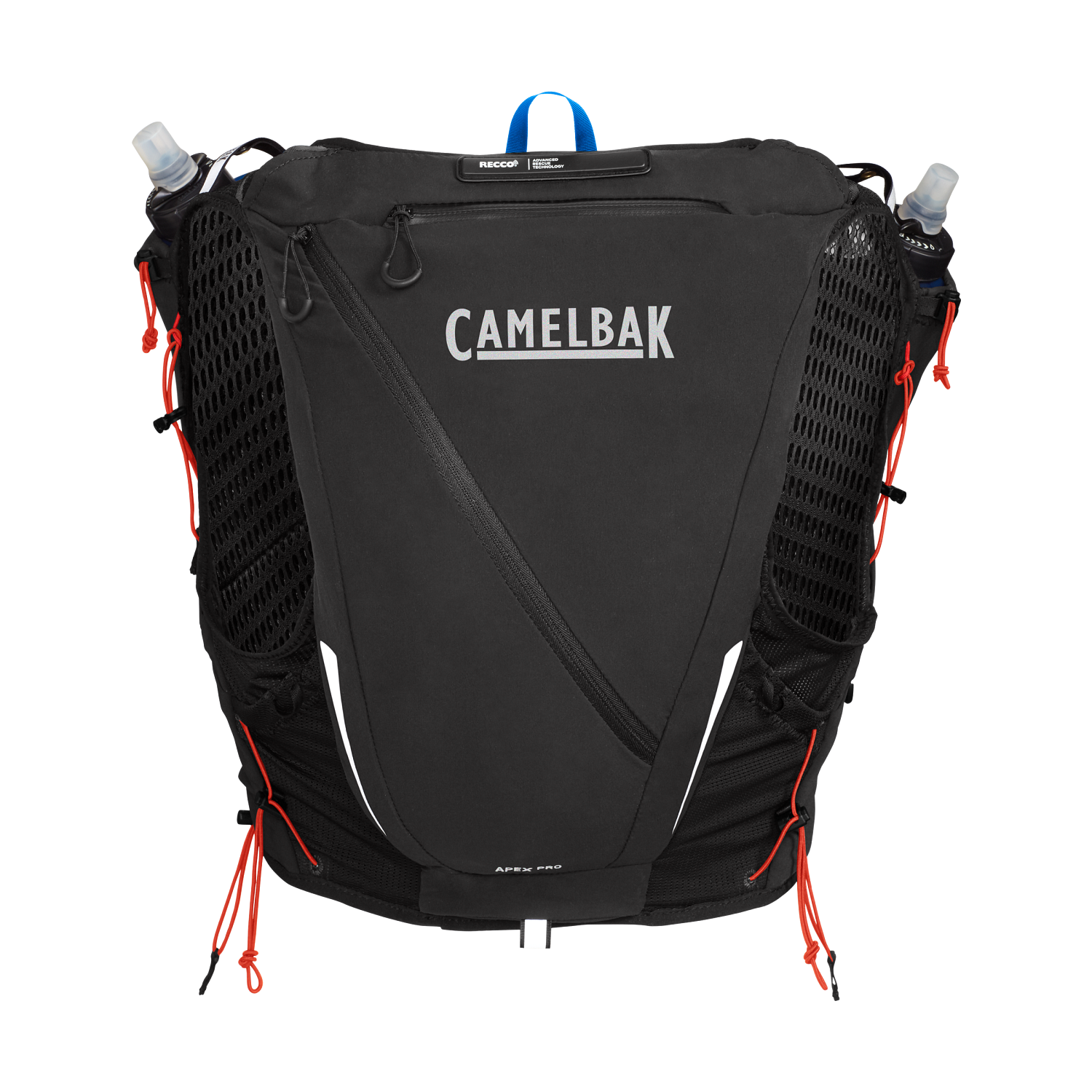 apextm-pro-run-vest-q9 yht8cozub1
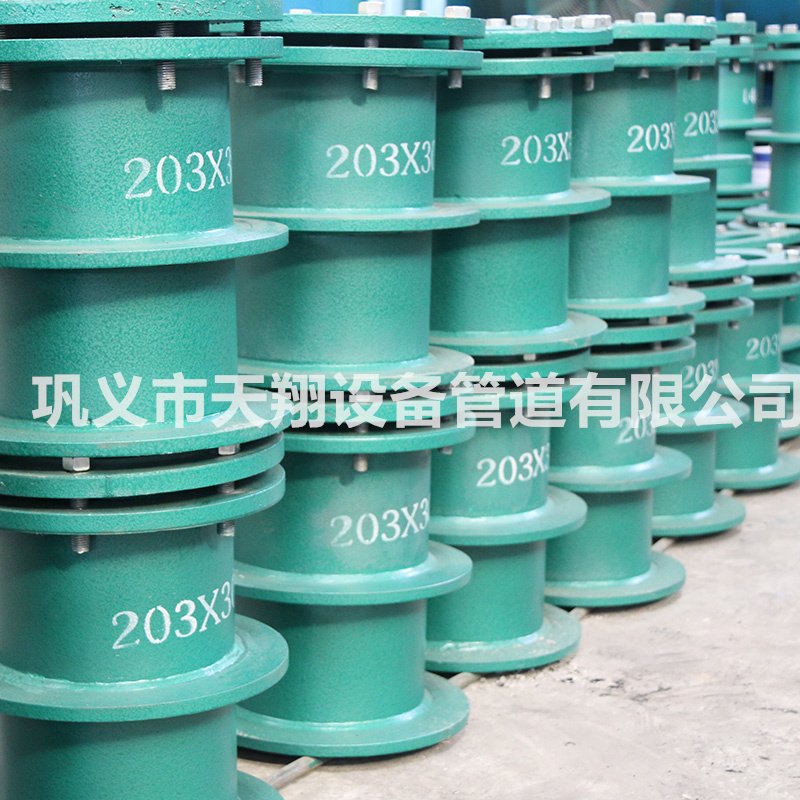 �A(y��)���׹܈D��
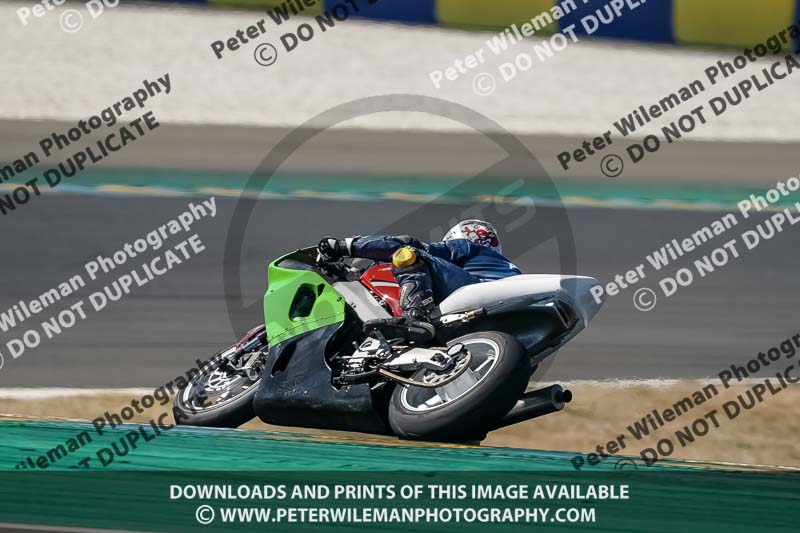 Le Mans;event digital images;france;motorbikes;no limits;peter wileman photography;trackday;trackday digital images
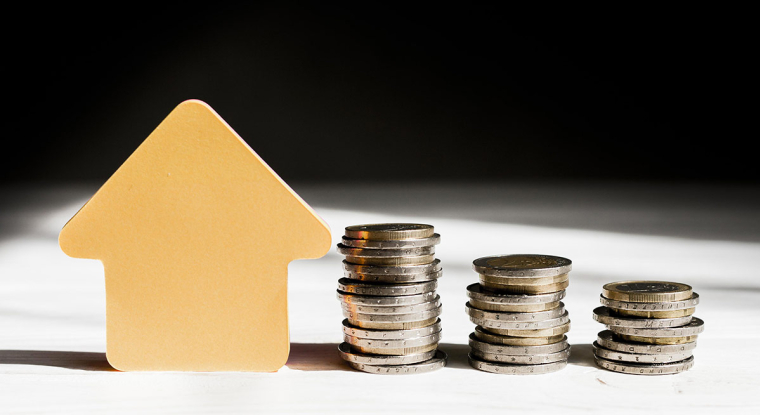 2021 a été une année riche en opérations financières pour la Bourse parisienne. (© Freepik)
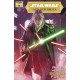 STAR WARS L'ALTA REPUBBLICA n. 13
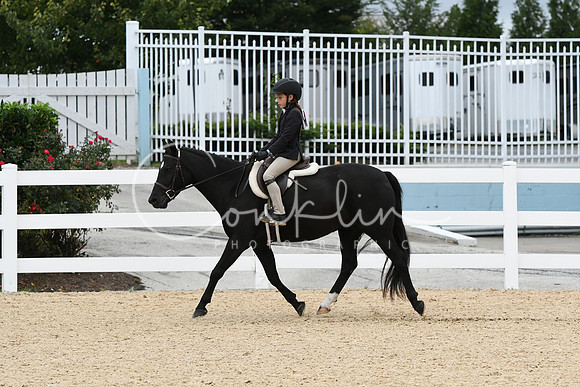 HSM_5421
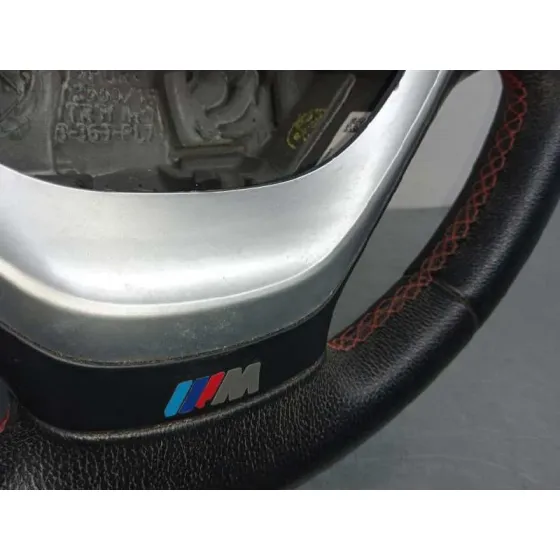 Volante para Bmw Serie 1 Lim. (F20)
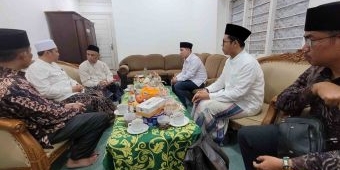 bersama-rektor-uac-bupati-gus-bara-meninjau-al-khoziny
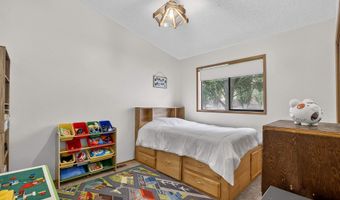 13353 Snake River Rd, Asotin, WA 99402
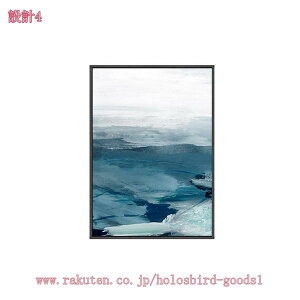 777~OFFN[| A[gpl k ۉ G |X^[ Ǌ|A[g A[gt[ G LoX plA[g |bvA[g _A[g A[g{[h ꂽ CeA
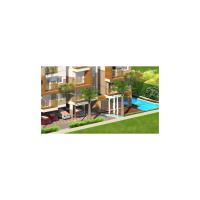 2 BHK Flat for Sale in Devanahalli, Bangalore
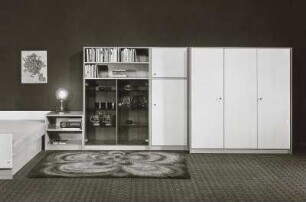 Jugendzimmer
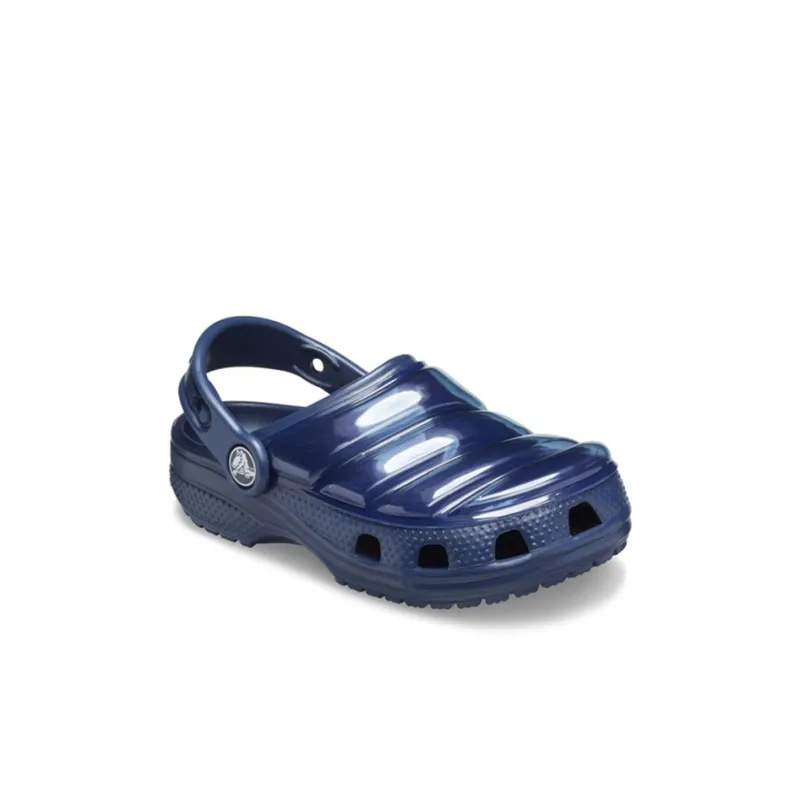 Crocs Classic Clog Kids' Sandals Kids-2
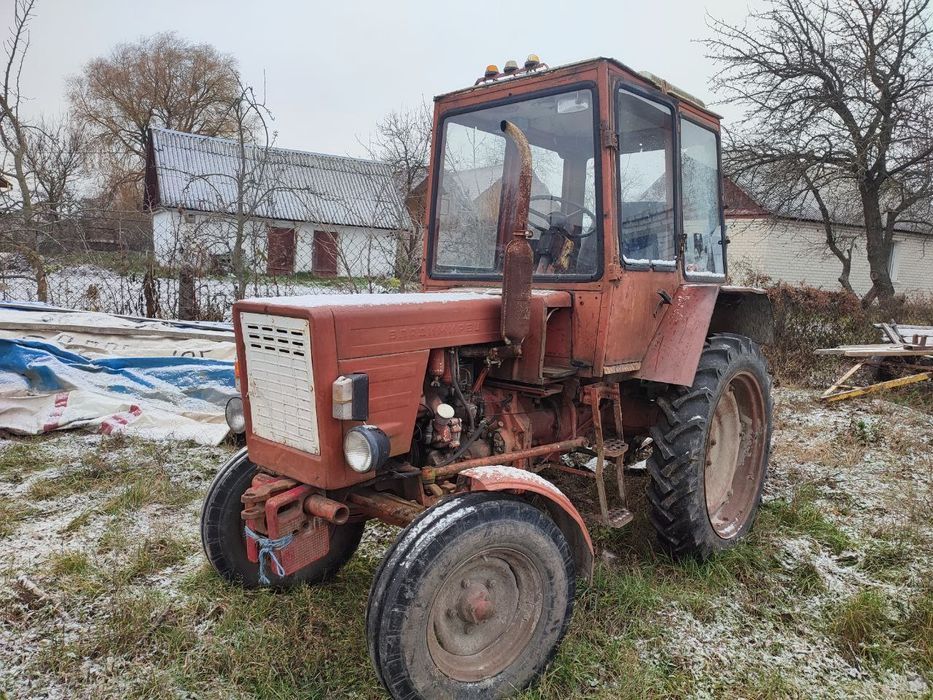 Те 25 в хорошому стані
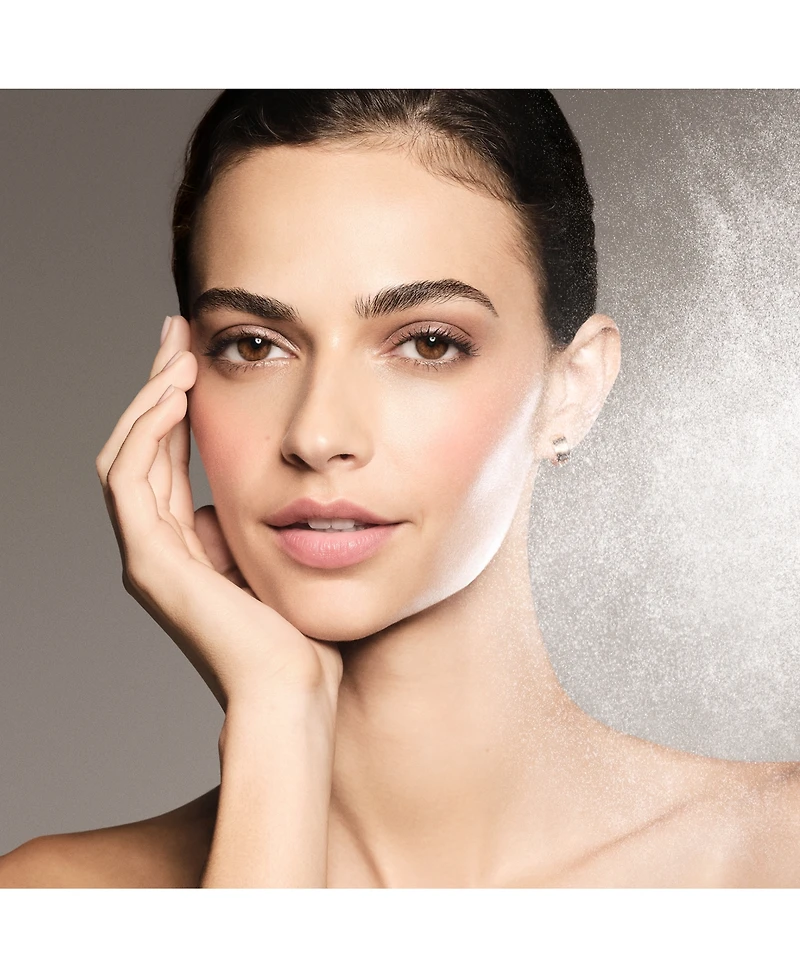 Laura Mercier Full-Size Translucent Pure Setting Spray 16HR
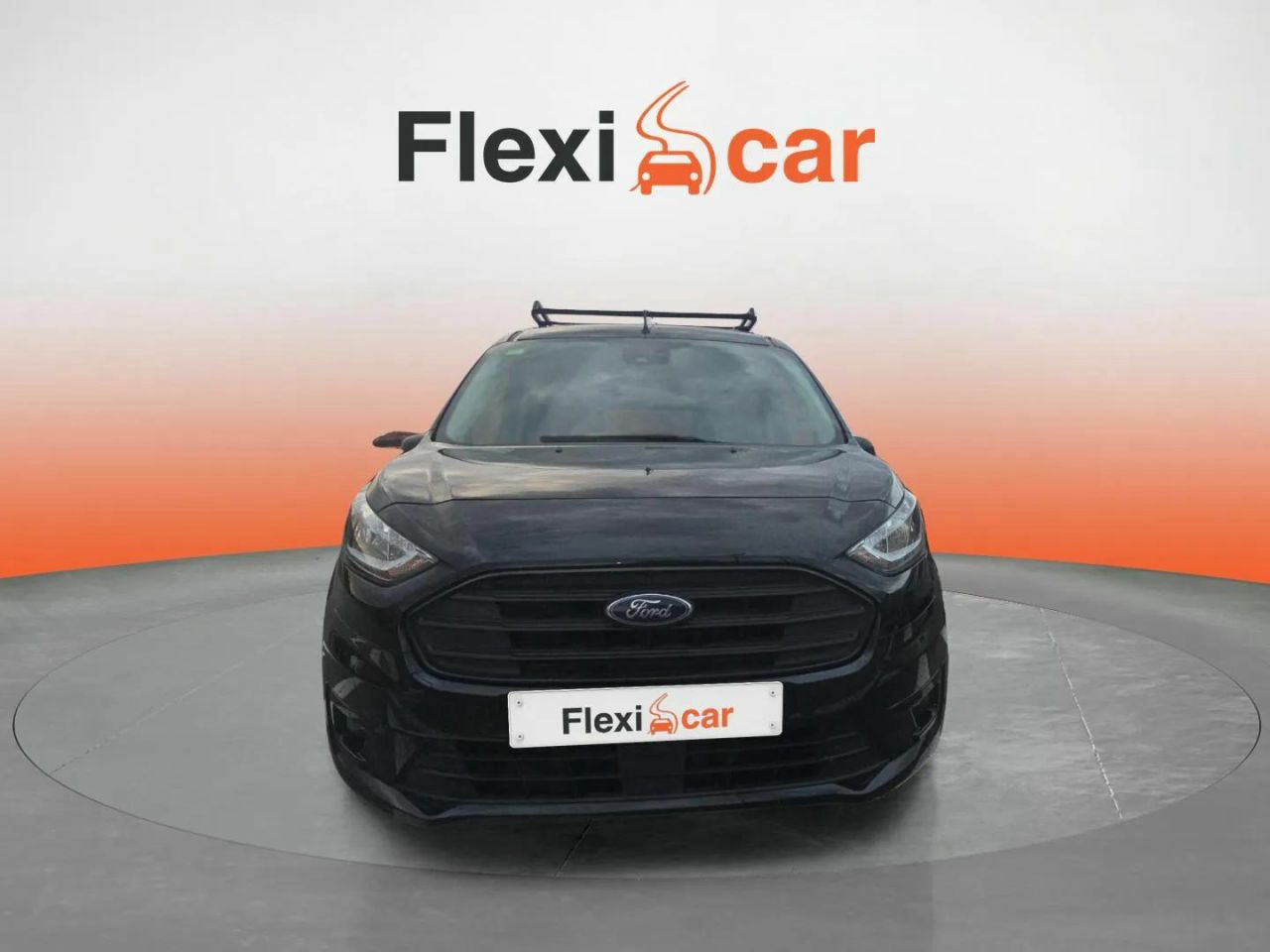 ford transit connect 2021 / foto grande (2)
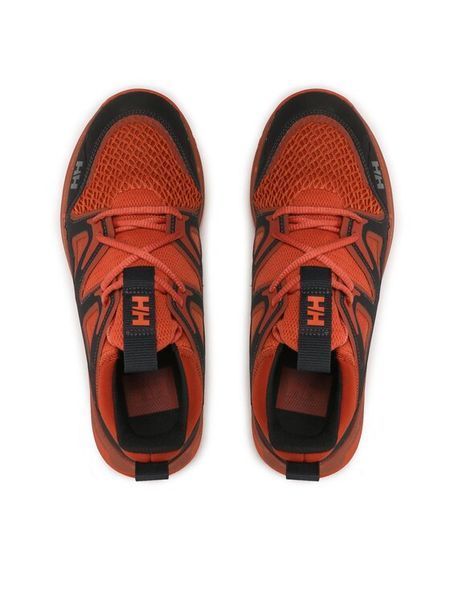 Купить оригинальные Мужские Кроссовки Helly Hansen Jeroba Mps 11720-308 11720_308 фото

### REQUIRED WORK
Can you quote exactly, and only, the lines from the one containing "Le Mans;event digital" through the last line of the records above, keeping both ends and leaving out any pictures?

### RESPONSE TO THE TASK
 Le Mans;event digital images;france;motorbikes;no limits;peter wileman photography;trackday;trackday digital images
 2021 a été une année riche en opérations financières pour la Bourse parisienne. (© Freepik)
 STAR WARS L'ALTA REPUBBLICA n. 13
 HSM_5421
 Volante para Bmw Serie 1 Lim. (F20)
 bersama-rektor-uac-bupati-gus-bara-meninjau-al-khoziny
 13353 Snake River Rd, Asotin, WA 99402
 777~OFFN[| A[gpl k ۉ G |X^[ Ǌ|A[g A[gt[ G LoX plA[g |bvA[g _A[g A[g{[h ꂽ CeA
 2 BHK Flat for Sale in Devanahalli, Bangalore
 Jugendzimmer
 Crocs Classic Clog Kids' Sandals Kids-2
 Те 25 в хорошому стані
 Laura Mercier Full-Size Translucent Pure Setting Spray 16HR
 ford transit connect 2021 / foto grande (2)
 Купить оригинальные Мужские Кроссовки Helly Hansen Jeroba Mps 11720-308 11720_308 фото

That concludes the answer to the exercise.